The Jewish community of Rome is the oldest Jewish community in Europe. It is also the Jewish community with the longest continuous history, having avoided interruptions, expulsions, and annihilations since 139 BCE. For most of that time, Jewish Romans have lived in close contact with the largest continuously functioning international organization: the Roman Catholic Church. Given the church’s origins in Judaism, Jews and Catholics have spent two thousand years negotiating a necessary and paradoxical relationship. With engaging stories that illuminate the history of Jews and Jewish-Catholic relations in Rome, Intimate Strangers investigates the unusual relationship between Jews and Catholics as it has developed from the first century CE to the present in the Eternal City.
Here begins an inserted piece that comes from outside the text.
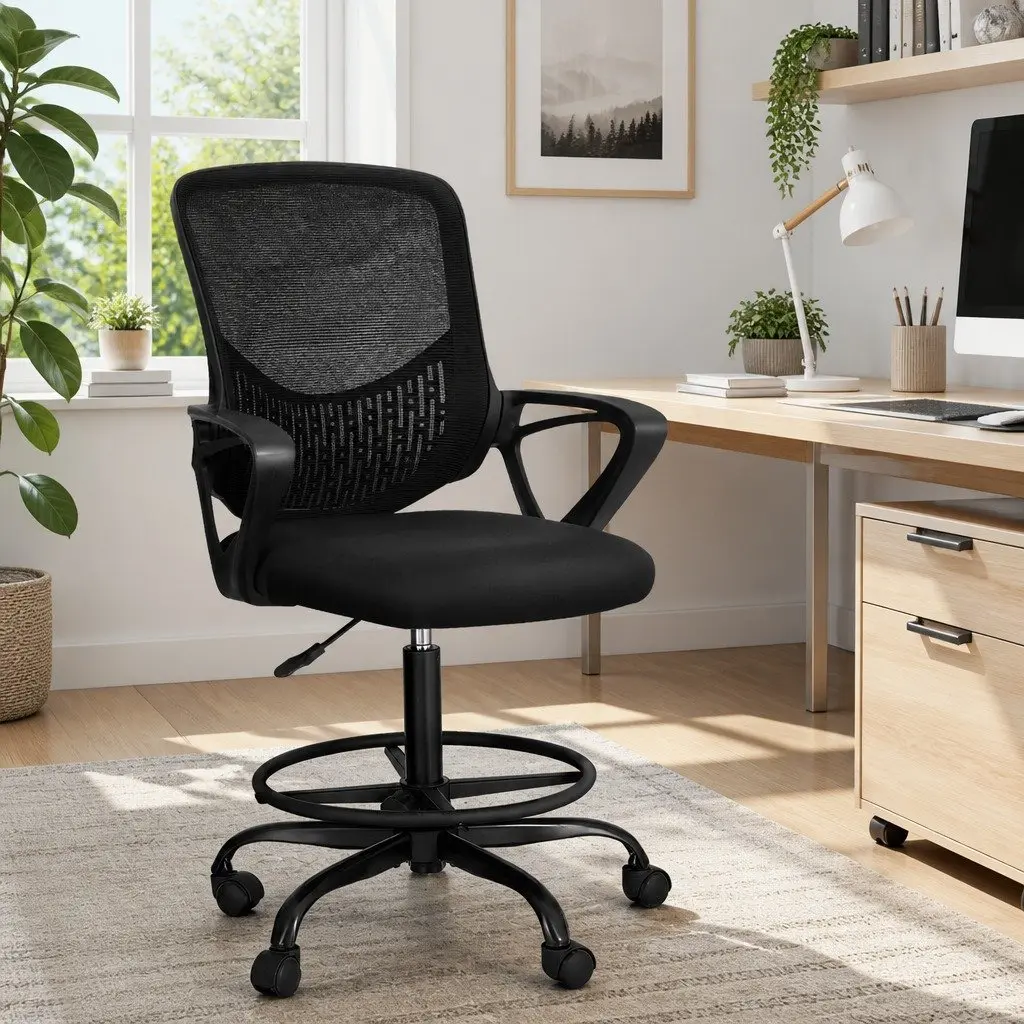 Drafting Stool Mesh Office Chair Standing Desk Computer Seat Black Adjustable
Fredric Brandfon innovatively frames these relations through an anthropological lens: how the idea and language of family have shaped the self-understanding of both Roman Jews and Catholics. The familial relations are lopsided, the powerful family member often persecuting the weaker one; the church ghettoized the Jews of Rome longer than any other community in Europe. Yet respect and support are also part of the family dynamic—for instance, church members and institutions protected Rome’s Jews during the Nazi occupation—and so the relationship continues. Brandfon begins by examining the Arch of Titus and the Jewish catacombs as touchstones, painting a picture of a Jewish community remaining Jewish over centuries. Papal processions and the humiliating races at Carnival time exemplify Jewish interactions with the predominant Catholic powers in medieval and Renaissance Rome. The Roman Ghetto, the forcible conversion of Jews, emancipation from the Ghetto in light of Italian nationalism, the horrors of fascism and the Nazi occupation in Rome, the Second Vatican Council proclamation absolving Jews of murdering Christ, and the celebration of Israel’s birth at the Arch of Titus are interwoven with Jewish stories of daily life through the centuries. Intimate Strangers takes us on a compelling sweep of two thousand years of history through the present successes and dilemmas of Roman Jews in postwar Europe.

Intimate Strangers

Intimate Strangers
Author: Veronika Siegl
Publsiher: Cornell University Press
Total Pages: 304
Release: 2023-07-15
Genre: Family & Relationships
ISBN: 9781501769931

Download Intimate Strangers Book in PDF, Epub and Kindle

Zooming in on commercial surrogacy in Russia and Ukraine, Intimate Strangers addresses market expansion into the intimate spheres of life that play out on women's bodies as mothers and workers. Veronika Siegl follows the inner workings of a surrogacy market marked by secrecy, distrust, and anonymous business relationships. She explores intended mothers' anxious struggles for a child in light of stigmatized infertility and the aggressive biopolitics of motherhood; the uncertain but pragmatic pathways in and out of fertility clinics as surrogates navigate harsh economic realities and resist being objectified or morally judged; and the powerful role of agents and doctors who have found a profitable niche in nurturing and facilitating other people's existential hopes. Intimate Strangers discusses these issues against the backdrop of ultra-conservatism and moral governance in Russia, the rising international popularity of the Ukrainian surrogacy market, and the pervasiveness of neo-liberal ideologies and individualized notions of reproductive freedom.